Cronkite student considers ASU a healing experience
Editor's note: This story is part of our back-to-school spotlight on notable incoming students. The series will run during the first two weeks of the fall semester. Read our other profiles here.
Skylar Mason has had a difficult year.
She lost her dad in a violent car accident last summer that also dulled her senses, broke her bones and put her in the hospital for three weeks.
It was a difficult time, but the freshman in the Walter Cronkite School of Journalism and Mass Communication is looking forward to her first year at Arizona State University rather than looking back in despair.
“I know my dad wouldn’t want me to dwell on the past so much that it might inhibit my future,” said the 18-year-old Tucson native, who will also be in Barrett, The Honors College.
“I’m hoping my experience here is everything he would have hoped for.”
Mason survived the devastating car crash that instantly claimed the life of her 48-year-old father, Karl, when a woman driving a Chevy truck ran a red light and crashed into the Masons' Volkswagen Beetle. The July 20, 2014, accident shattered her skull, detached her left retina and rendered her left ear permanently deaf.
Spending a majority of the year with physical, speech and occupational therapists, and in surgery — six surgeries in all — Mason started her senior year at Tucson’s Ironwood Ridge High School in the second quarter.
Still, she never gave up hope of achieving her long-held dream to attend ASU this fall.
Mason has long held a fascination with writing.
She wrote poetry in grade school and several novels during her middle school years.
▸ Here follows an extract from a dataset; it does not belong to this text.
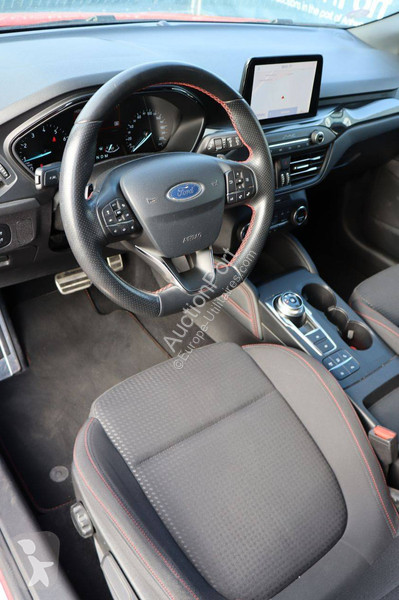 Furgoneta Ford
But she fell in love with journalism her freshman year and eventually became editor-in-chief of her high school newspaper, Iron Quill, for two years.
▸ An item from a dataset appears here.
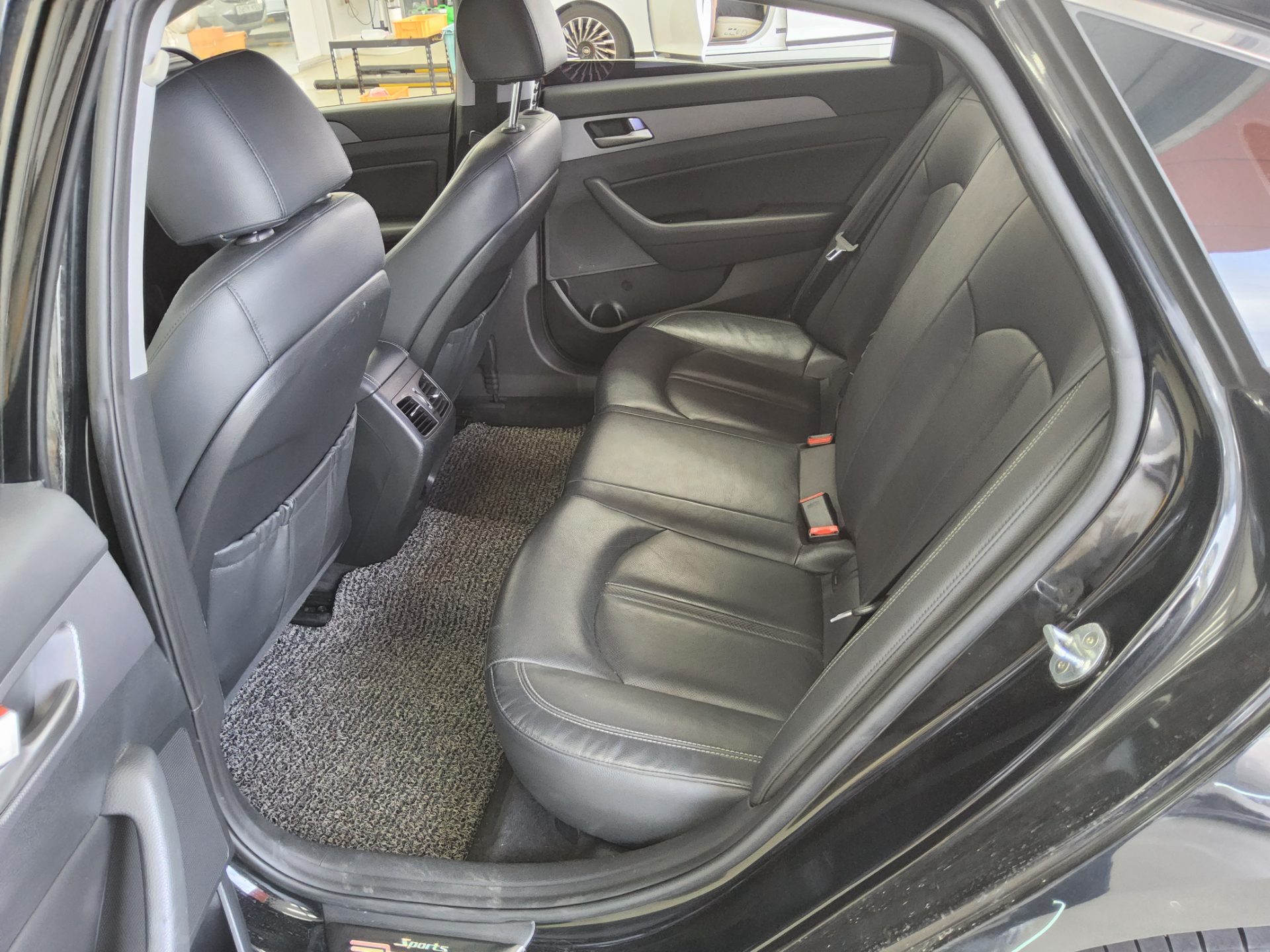 2018 - hyundai sonata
“I was super introverted when I started and found out real quick you can’t be if you want to be a journalist,” Mason said. “Among other things, journalism has taught me how to interact with people.”
After the accident, which received its fair share of media coverage in the Tucson area, Mason experienced journalism from a real-world perspective.
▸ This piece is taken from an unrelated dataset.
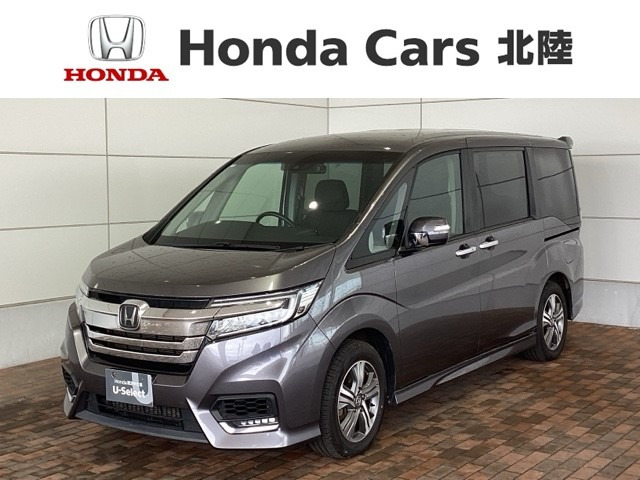 ステップワゴン  2.0 e:HEV スパーダ G ホンダセンシング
“It’s definitely a lot more stressful being on the other side,” Mason said. “But it was a blessing in disguise because it was a good experience to talk about my father and help rehabilitate my speech.”
Mason’s speech was up to speed when she moved into Taylor Place on ASU’s Downtown Phoenix campus with some assistance from her mother, Meta; sister, Hannah; and brother, Kody.
Meta Mason said the family unit has always been tight and that they’ve pulled through a very difficult time by sticking close to each other.
“She’s my best friend, and we’ve never lived apart,” said Hannah, 16. “It’s the start of a new chapter in her life, and it’s sad to close the other chapter.”
Meta said their family’s strength in overcoming tragedy and change comes from the love and support of others.
“We thrive because our community, family, church and friends have carried us all this time,” Meta said. “We don’t know why Karl was taken from us and often we don’t understand. Sometimes you can’t look at the big problem but just look ahead.”
Skylar Mason says she’s looking forward to meeting new friends, getting involved in clubs and activities, finding a church and embracing the college experience.
She says there are good days and bad when it comes to remembering her father, but a trip she took to the Cronkite School with him in 2013 when she was checking out journalism schools is a happy one she won’t soon forget.
“He loved the Cronkite School and said, ‘This place will give you the resources to give you the career you want,’ ” Mason said.
“He believed in this place, and so do I.”